#### What the exercise asks
Return each entry word for word and skip its pictures.

(Stored items from a collection)

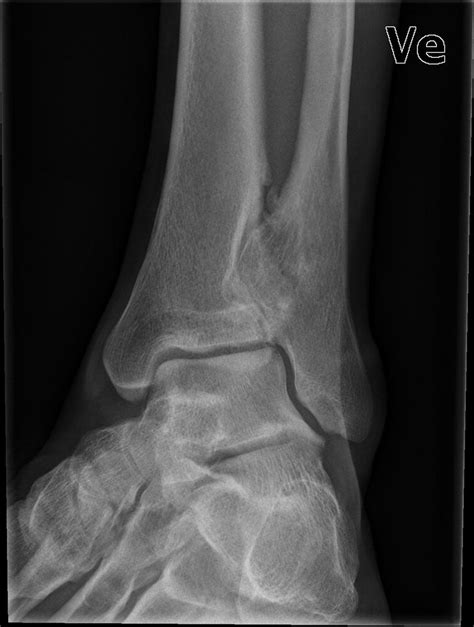 Arthrodesis Of The Distal Tibiofibular Joint For An Osteochondroma In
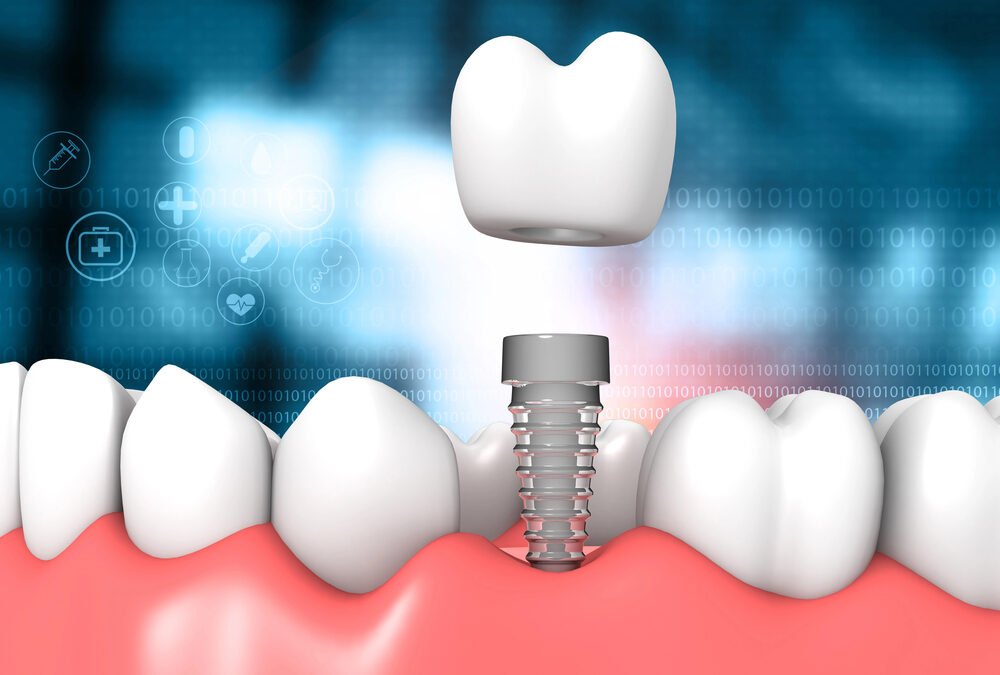 dental implant concept, crown suspended above dental implant placed in lower jaw with blue background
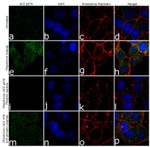 Phospho-Acetyl-CoA Carboxylase (Ser79) Antibody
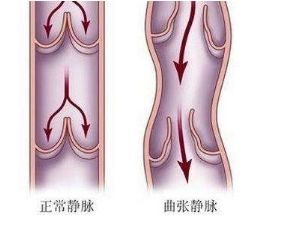 下肢静脉血栓症状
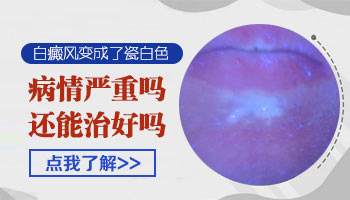 白癜风变成瓷白色了 白斑还治得好吗
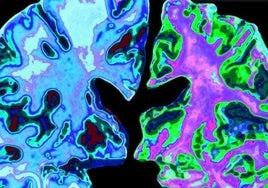 Un cerebro normal de una persona de 70 años (izquierda), comparado con el cerebro de una persona de 70 años con enfermedad de Alzheimer.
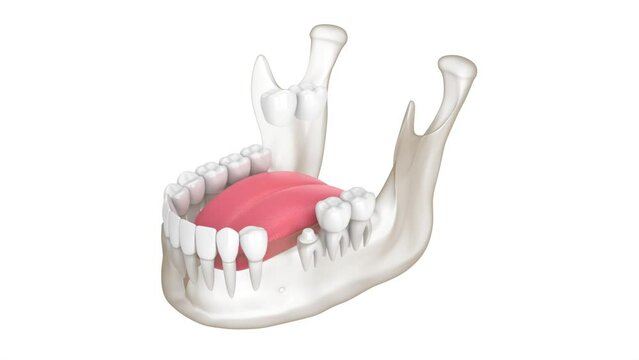  Mandible with dental cantilever bridge over white background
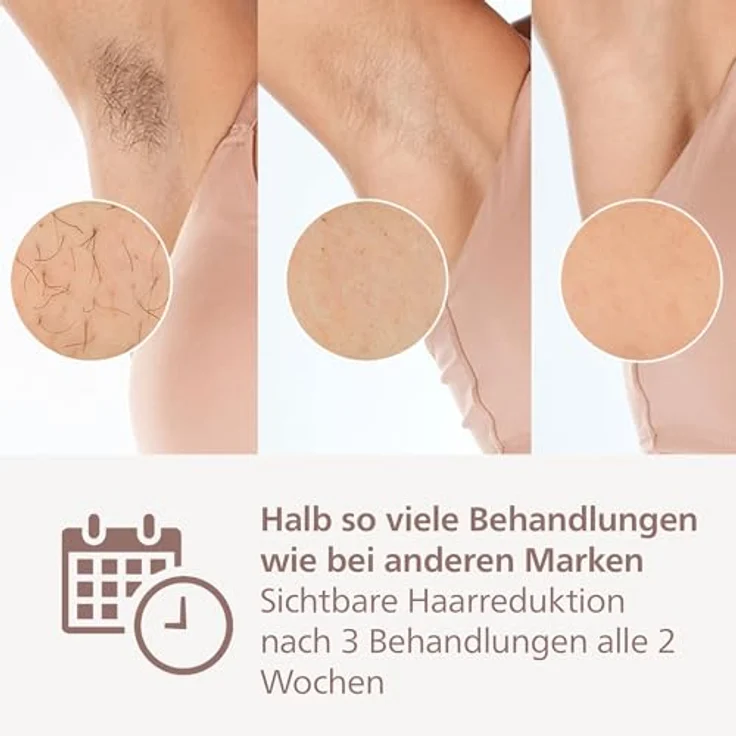 PHILIPS Philips Lumea 9900 Series, IPL-Haarentfernungsgerät, Alternative zur Laserhaarentfernung, SenseIQ und SkinAI, 3 Aufsätze für Körper, Gesicht und Präzisionsbereiche, Akku- und Netzbetrieb, BRI953/02 – Bild 3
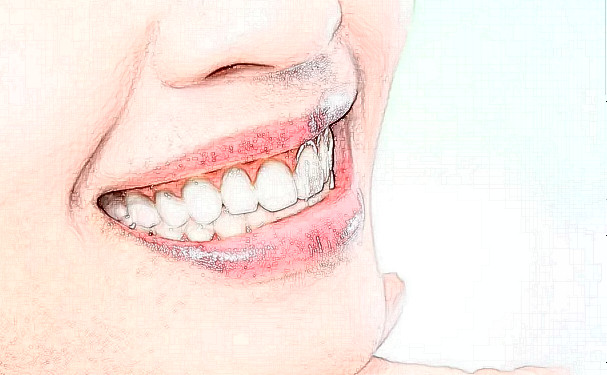 成都中醫(yī)藥大學附屬醫(yī)院口腔科補牙費用多少+真人術(shù)后點評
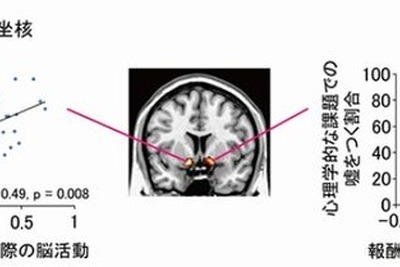 正直者と嘘つきの脳の違いを解明…京大研究グループ 画像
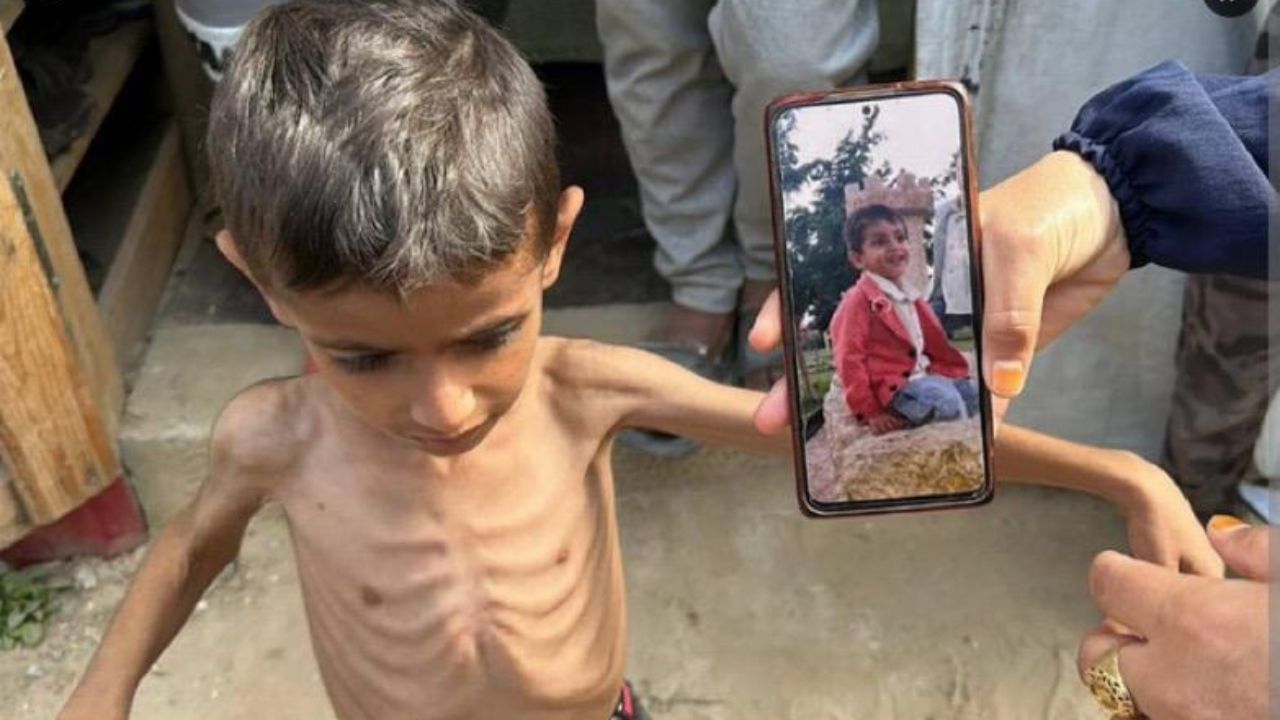 Gaza: 'যন্ত্রণায় কাঁদছে শিশুরা, ব্যথা কমানোর ওষুধও নেই', ভয়ঙ্কর ছবি গাজার Gaza: 'যন্ত্রণায় কাঁদছে শিশুরা, ব্যথা কমানোর ওষুধও নেই', ভয়ঙ্কর ছবি গাজার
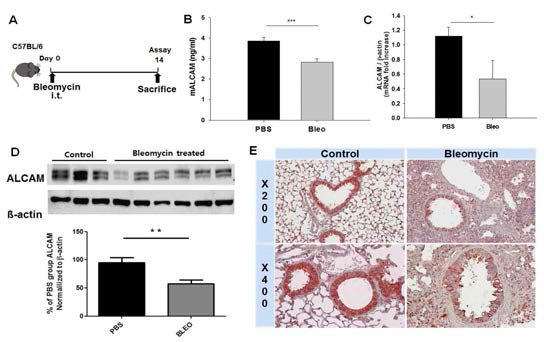 폐섬유와 모델에서 ALCAM 발현의 감소 (A) 폐섬유화 모델 개략도 (B) 기관지 폐포 세척액에서 ALCAM 발현양을 ELISA로 측정 (C) 폐 조직의 ALCAM의 mRNA level을 real-time PCR로 측정 (D) 마우스 폐 조직의 ALCAM의 단백질 level을 Western blot으로 분석 (E) 마우스 폐 조직에서 ALCAM에 대한 immunohistochemistry 염색 분석
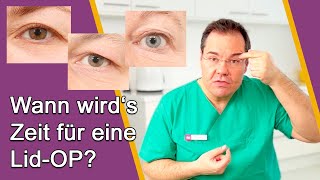 AugenlidOP – Ab wann ist OP sinnvoll Gibt es Alternativen ohne OP Dr Günther Düsseldorf [upl. by Connolly]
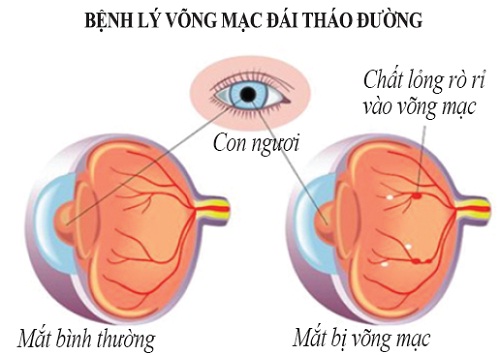 Bệnh lý võng mạc do ĐTĐ.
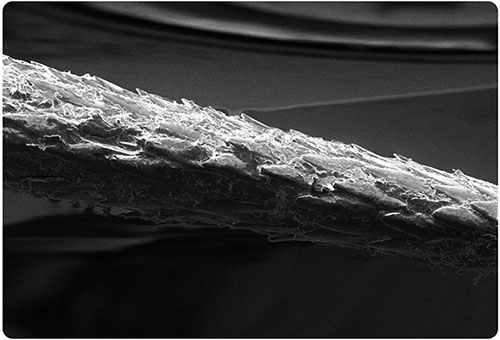 A 150x magnified view of a porcupine quill showing backwardfacing barbs on the tip tip is to the right Photo courtesy Kathryn Everson used with permission Everson Lab at Oregon State University   httpswwweversonlaborg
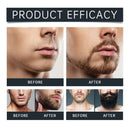 East Moon Men Beard Care Set for Cleaning Strengthen Nourishing Beard Promote Beard Growth Moisturizing Men Whisker Care Set - M & M Global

#### Task answer
 Arthrodesis Of The Distal Tibiofibular Joint For An Osteochondroma In
 dental implant concept, crown suspended above dental implant placed in lower jaw with blue background
 Phospho-Acetyl-CoA Carboxylase (Ser79) Antibody
 下肢静脉血栓症状
 白癜风变成瓷白色了 白斑还治得好吗
 Un cerebro normal de una persona de 70 años (izquierda), comparado con el cerebro de una persona de 70 años con enfermedad de Alzheimer.
  Mandible with dental cantilever bridge over white background
 PHILIPS Philips Lumea 9900 Series, IPL-Haarentfernungsgerät, Alternative zur Laserhaarentfernung, SenseIQ und SkinAI, 3 Aufsätze für Körper, Gesicht und Präzisionsbereiche, Akku- und Netzbetrieb, BRI953/02 – Bild 3
 成都中醫(yī)藥大學附屬醫(yī)院口腔科補牙費用多少+真人術(shù)后點評
 正直者と嘘つきの脳の違いを解明…京大研究グループ 画像
 Gaza: 'যন্ত্রণায় কাঁদছে শিশুরা, ব্যথা কমানোর ওষুধও নেই', ভয়ঙ্কর ছবি গাজার Gaza: 'যন্ত্রণায় কাঁদছে শিশুরা, ব্যথা কমানোর ওষুধও নেই', ভয়ঙ্কর ছবি গাজার
 폐섬유와 모델에서 ALCAM 발현의 감소 (A) 폐섬유화 모델 개략도 (B) 기관지 폐포 세척액에서 ALCAM 발현양을 ELISA로 측정 (C) 폐 조직의 ALCAM의 mRNA level을 real-time PCR로 측정 (D) 마우스 폐 조직의 ALCAM의 단백질 level을 Western blot으로 분석 (E) 마우스 폐 조직에서 ALCAM에 대한 immunohistochemistry 염색 분석
 AugenlidOP – Ab wann ist OP sinnvoll Gibt es Alternativen ohne OP Dr Günther Düsseldorf [upl. by Connolly]
 Bệnh lý võng mạc do ĐTĐ.
 A 150x magnified view of a porcupine quill showing backwardfacing barbs on the tip tip is to the right Photo courtesy Kathryn Everson used with permission Everson Lab at Oregon State University   httpswwweversonlaborg
 East Moon Men Beard Care Set for Cleaning Strengthen Nourishing Beard Promote Beard Growth Moisturizing Men Whisker Care Set - M & M Global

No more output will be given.